When you reach a picture, pass over it; otherwise repeat the listing word for word.

◆ **Recorded data**:
_ _ _

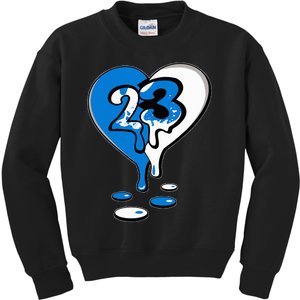 23 Drip Heart Military Blue 4s Matching Kids Sweatshirt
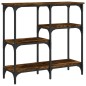 vidaXL Mesa consola madera de ingeniería roble ahumado 80x29x75 cm vidaXL Mesa consola madera de ingeniería roble ahumado 80x29x75 cm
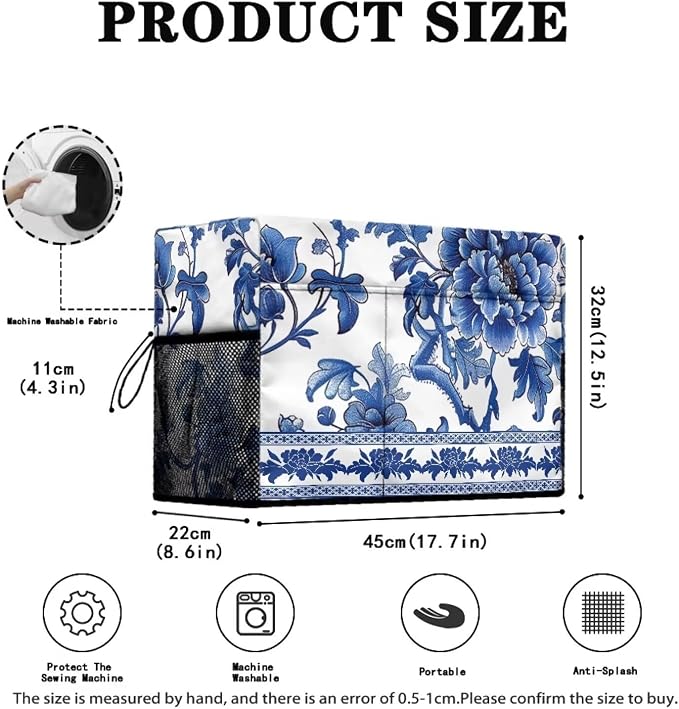 Blue White Floral Print Sewing Machine Cover with Storage Pockets,Dust & Pet Hair Protection,Fits Standard Singer, Brother and Janome Machines, Protecting & Decorating Your Sewing Space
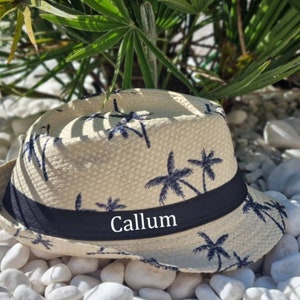 Boys straw hat, toddler hat, boys beach hat, personalised straw hat, personalised hat, trilby hat, festival hat, kids straw hat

_ _ _

◆ **Finished exercise**:
 23 Drip Heart Military Blue 4s Matching Kids Sweatshirt
 vidaXL Mesa consola madera de ingeniería roble ahumado 80x29x75 cm vidaXL Mesa consola madera de ingeniería roble ahumado 80x29x75 cm
 Blue White Floral Print Sewing Machine Cover with Storage Pockets,Dust & Pet Hair Protection,Fits Standard Singer, Brother and Janome Machines, Protecting & Decorating Your Sewing Space
 Boys straw hat, toddler hat, boys beach hat, personalised straw hat, personalised hat, trilby hat, festival hat, kids straw hat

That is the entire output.